The C-Liners replaced FM's earlier cab model the Erie-Built, which proved only marginally successful at best. The updated version of FM's cab locomotives did not feature a carbody nearly as elegant as the former, which sported a European look. It was offered for either passenger or freight (with four or five axles) service and intended to compete against Electro-Motive's (EMD) popular E and F series as well as Alco's FA and PA models.

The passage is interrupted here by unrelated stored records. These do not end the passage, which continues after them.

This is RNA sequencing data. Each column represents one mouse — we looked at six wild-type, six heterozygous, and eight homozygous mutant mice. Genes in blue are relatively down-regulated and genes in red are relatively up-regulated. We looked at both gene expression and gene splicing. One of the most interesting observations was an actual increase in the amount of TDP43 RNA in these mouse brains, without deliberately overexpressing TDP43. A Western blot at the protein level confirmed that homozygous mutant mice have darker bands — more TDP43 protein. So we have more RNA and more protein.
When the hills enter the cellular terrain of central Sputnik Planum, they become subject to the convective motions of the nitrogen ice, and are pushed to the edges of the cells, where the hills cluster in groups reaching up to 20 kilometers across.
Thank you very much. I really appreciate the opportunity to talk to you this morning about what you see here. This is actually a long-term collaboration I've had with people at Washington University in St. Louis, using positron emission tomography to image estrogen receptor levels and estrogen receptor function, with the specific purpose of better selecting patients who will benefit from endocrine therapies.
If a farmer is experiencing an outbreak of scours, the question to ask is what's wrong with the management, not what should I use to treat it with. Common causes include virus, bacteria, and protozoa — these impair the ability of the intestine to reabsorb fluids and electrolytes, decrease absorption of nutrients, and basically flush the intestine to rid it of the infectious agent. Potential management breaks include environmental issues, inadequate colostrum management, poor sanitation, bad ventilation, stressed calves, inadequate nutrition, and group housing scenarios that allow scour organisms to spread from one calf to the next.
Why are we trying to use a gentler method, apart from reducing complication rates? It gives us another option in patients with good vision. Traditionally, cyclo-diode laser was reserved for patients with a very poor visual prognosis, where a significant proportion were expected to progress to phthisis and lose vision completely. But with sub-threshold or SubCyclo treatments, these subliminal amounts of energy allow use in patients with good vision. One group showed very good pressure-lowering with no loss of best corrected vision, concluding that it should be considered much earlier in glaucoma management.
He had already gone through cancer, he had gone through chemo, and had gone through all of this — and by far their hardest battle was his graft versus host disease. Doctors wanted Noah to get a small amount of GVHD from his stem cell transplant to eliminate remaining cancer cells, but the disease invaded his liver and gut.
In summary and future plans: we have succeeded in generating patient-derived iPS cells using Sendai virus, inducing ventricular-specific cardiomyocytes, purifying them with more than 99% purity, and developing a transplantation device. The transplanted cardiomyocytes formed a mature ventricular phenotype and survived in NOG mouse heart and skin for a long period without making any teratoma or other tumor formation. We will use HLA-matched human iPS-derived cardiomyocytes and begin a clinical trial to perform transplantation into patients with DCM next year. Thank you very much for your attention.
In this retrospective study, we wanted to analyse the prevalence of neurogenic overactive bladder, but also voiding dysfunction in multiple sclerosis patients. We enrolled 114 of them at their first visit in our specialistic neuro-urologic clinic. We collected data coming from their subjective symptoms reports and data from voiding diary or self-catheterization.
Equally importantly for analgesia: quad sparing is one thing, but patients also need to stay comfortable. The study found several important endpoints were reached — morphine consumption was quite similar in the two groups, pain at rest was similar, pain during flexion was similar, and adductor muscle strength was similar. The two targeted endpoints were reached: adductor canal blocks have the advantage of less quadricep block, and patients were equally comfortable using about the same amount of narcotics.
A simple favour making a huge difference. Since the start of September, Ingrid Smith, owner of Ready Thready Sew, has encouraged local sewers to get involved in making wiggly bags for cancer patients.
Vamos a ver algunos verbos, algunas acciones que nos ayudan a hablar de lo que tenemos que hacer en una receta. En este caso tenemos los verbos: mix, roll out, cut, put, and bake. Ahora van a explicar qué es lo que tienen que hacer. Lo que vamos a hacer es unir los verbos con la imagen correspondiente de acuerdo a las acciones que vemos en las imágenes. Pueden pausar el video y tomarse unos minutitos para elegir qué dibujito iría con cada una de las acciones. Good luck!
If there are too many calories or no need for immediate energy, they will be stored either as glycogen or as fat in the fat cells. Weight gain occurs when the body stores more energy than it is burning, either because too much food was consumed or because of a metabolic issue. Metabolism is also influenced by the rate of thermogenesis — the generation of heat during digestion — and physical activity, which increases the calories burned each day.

Unfortunately, the C-Liners saw about the same level of success as the Erie-Builts and FM canceled the line after only a few years of production.
All of the designs were based on a common 56 ft 3 in (17.15 m) carbody, but the customer could choose cab or booster units equipped with 1,600 hp (1.19 MW), 2,000 hp (1.49 MW), or 2,400 hp (1,800 kW) opposed piston engine prime movers. Each option was also offered in both passenger and freight configurations.
All freight units, and the CLC-built Model CPA/B-16-4 were designed with a B-B wheel arrangement, while passenger units (in addition to having different gearing) featured an unusual B-A1A wheel configuration, as the rear truck required an extra unpowered axle to help distribute the weight of the steam generator.
The models produced comprise: CFA-16-4 (cabs) and CFB-16-4 (cabless boosters), CFA-20-4 (cabs) and CFB-20-4 (cabless boosters), CPA-20-5 (cabs), CPA-24-5 (cabs), CPA-16-4 (cabs), CPA-16-5 (cabs) and CPB-16-5 (cabless boosters).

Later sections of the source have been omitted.